Von den jüngsten Entwicklungen profitieren allerdings nicht alle Haushalte. Die Analyse zeigt, dass die 20 Prozent der Haushalte mit den niedrigsten Einkommen die höchste Mietbelastung schultern müssen. Sie zahlten 2021 mehr als ein Drittel ihres Einkommens für Miete, die einkommensstärksten 20 Prozent lediglich rund ein Fünftel. Der Anteil der sogenannten überbelasteten Haushalte, die mehr als 40 Prozent ihres Einkommens für Miete aufbringen müssen, wuchs innerhalb von 30 Jahren von fünf auf 14 Prozent. Der Sozialwohnungsbestand ist hingegen geschrumpft.

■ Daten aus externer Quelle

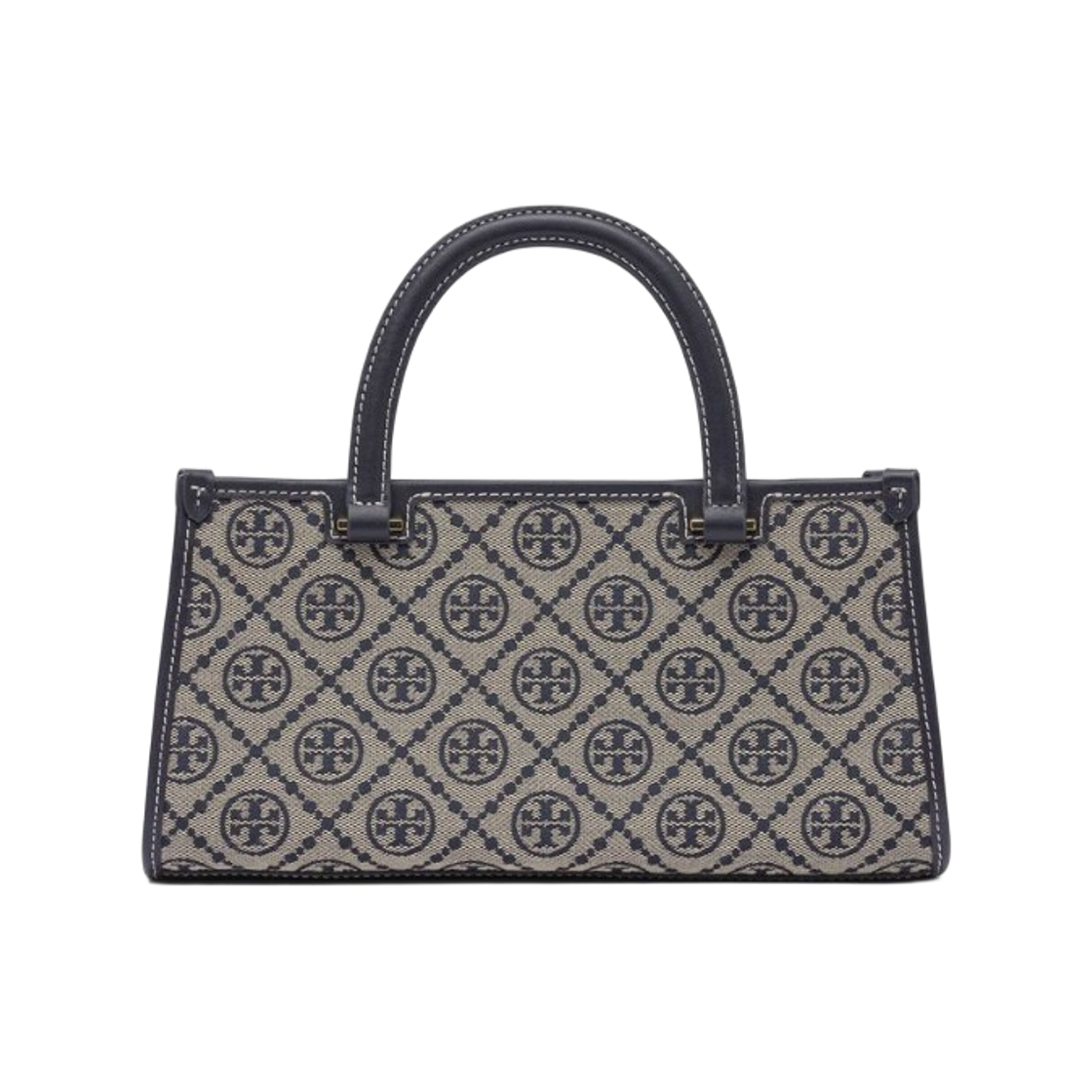 170503-405 Tory Burch T Monogram Small Tote Tory Navy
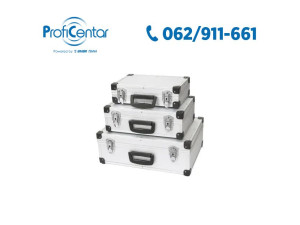 Lux Tools - Aluminijska kutija 3 u 1 set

Besonders unter hohen Mieten leiden Alleinerziehende und Einpersonenhaushalte. Ihre Mietbelastung lag 2021 bei durchschnittlich 30 Prozent, bei Paaren oder Familien mit Kindern lediglich bei gut 20 Prozent. In Ostdeutschland ist die Belastung geringer als im Westen, in Großstädten höher als in ländlichen Regionen.
Die Studienautoren Konstantin Kholodilin und Pio Baake sehen verschiedene politische Instrumente, die Mieter*innen mit geringen Einkommen gezielt entlasten könnten. Außerdem sollte der soziale Wohnungsbau gestärkt werden. Eine Mietpreisbremse oder andere Mietpreiskontrollen würden hingegen nicht gezielt einkommensschwache Haushalte unterstützen.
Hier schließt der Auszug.